If those files are rewritten across turns in the same session, a large enough artifact can turn one diff reconstruction into a multi-GB memory event.

Root cause

The root cause is eager full-body snapshot diff generation in Snapshot.diffFull().

What happens:

  1. Session parts store snapshot hashes (step-start / step-finish).
  2. When session summarization runs, OpenCode rebuilds diff summaries from those snapshot hashes.
  3. Snapshot.diffFull(from, to) compares the two snapshot trees.
  4. For each changed file, it loads the full old body and full new body into memory as before and after strings.
  5. If one changed file is huge, that single diff can materialize hundreds of MB or more on each side.
  6. That is enough to turn one diff reconstruction into a multi-GB memory event.
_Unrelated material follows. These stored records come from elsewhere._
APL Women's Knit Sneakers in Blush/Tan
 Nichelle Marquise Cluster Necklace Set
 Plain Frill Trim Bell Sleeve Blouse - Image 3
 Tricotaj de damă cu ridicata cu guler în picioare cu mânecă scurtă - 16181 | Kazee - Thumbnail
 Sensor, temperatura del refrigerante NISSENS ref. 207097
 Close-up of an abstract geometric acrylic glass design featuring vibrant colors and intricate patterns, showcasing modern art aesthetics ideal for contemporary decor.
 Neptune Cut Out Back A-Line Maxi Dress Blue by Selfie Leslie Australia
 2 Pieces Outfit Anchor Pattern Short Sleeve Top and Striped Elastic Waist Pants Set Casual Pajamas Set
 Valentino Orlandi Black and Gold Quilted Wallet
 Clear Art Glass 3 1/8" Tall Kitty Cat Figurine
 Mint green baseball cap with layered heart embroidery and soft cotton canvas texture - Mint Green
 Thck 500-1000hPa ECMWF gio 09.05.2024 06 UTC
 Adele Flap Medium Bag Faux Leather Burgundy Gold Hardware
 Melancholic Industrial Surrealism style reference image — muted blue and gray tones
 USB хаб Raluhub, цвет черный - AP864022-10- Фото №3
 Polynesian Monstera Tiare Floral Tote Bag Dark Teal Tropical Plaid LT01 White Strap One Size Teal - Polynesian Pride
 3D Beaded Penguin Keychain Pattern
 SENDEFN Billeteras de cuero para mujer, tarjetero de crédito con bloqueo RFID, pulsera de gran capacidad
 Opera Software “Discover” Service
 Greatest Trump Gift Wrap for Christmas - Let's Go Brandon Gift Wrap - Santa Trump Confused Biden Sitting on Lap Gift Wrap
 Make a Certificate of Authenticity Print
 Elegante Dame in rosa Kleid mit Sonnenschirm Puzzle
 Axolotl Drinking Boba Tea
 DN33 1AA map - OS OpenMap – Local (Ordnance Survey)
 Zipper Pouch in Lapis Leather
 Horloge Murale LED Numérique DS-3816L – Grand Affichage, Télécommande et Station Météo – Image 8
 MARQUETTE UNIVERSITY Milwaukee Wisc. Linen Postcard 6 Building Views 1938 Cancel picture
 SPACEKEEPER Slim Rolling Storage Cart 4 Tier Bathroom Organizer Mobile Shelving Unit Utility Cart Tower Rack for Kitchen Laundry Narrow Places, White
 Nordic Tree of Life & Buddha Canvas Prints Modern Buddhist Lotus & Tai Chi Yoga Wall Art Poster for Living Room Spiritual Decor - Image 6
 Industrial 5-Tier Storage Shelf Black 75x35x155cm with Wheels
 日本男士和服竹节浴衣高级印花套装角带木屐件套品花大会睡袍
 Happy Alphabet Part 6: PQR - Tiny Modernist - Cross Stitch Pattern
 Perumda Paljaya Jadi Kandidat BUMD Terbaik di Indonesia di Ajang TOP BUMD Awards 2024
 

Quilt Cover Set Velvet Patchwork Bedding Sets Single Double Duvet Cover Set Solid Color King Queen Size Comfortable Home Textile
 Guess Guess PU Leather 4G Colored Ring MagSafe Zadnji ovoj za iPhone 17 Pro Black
This eager diff body loading later also shows up as oversized data in stored session summaries under:

  • summary.diffs[*].before
  • summary.diffs[*].after

Steps to reproduce

Run the script below.

What the reproduction does:

  • creates a fresh temp git repo
  • continues the same session for a few turns
  • rewrites large generated files each turn
  • forces snapshot: true so global config does not disable the repro
  • then prints the generated session ID

Open that generated session:

opencode --session <session-id>
#!/usr/bin/env bash
set -euo pipefail

need() {
  command -v "$1" >/dev/null 2>&1 || {
    printf 'missing required command: %s\n' "$1" >&2
    exit 1
  }
}

need git
need opencode
need python3

ROOT="$(mktemp -d "${TMPDIR:-/tmp}/opencode-summary-repro.XXXXXX")"
ARTIFACTS="$ROOT-artifacts"
TITLE="summary-diff-repro-$(date +%s)"
PROMPT_FILE="$ARTIFACTS/prompt.txt"
OUTPUT_FILE="$ARTIFACTS/opencode-run.jsonl"
TURNS="${TURNS:-1}"
BIG1_MIB="${BIG1_MIB:-128}"
BIG2_MIB="${BIG2_MIB:-96}"
SMALL_KIB="${SMALL_KIB:-512}"

cleanup() {
  if [[ "${KEEP_TMP:-1}" != "1" ]]; then
    rm -rf "$ROOT" "$ARTIFACTS"
  fi
}
trap cleanup EXIT

printf 'workspace: %s\n' "$ROOT"
printf 'artifacts: %s\n' "$ARTIFACTS"

mkdir -p "$ARTIFACTS"

git -C "$ROOT" init -q
git -C "$ROOT" config user.name "bug-repro"
git -C "$ROOT" config user.email "bug-repro@example.com"

mkdir -p "$ROOT/src"
printf 'hello\n' > "$ROOT/src/main.txt"
git -C "$ROOT" add .
git -C "$ROOT" commit -qm "init"

write_prompt() {
  local turn="$1"
  cat > "$PROMPT_FILE" <<EOF
Use bash only.
Do not ask questions.
Do not use write, edit, or apply_patch.
Do not inspect the repo first.
Do not run ls, read, glob, grep, or verification commands.
Use exactly one bash tool call for the whole task.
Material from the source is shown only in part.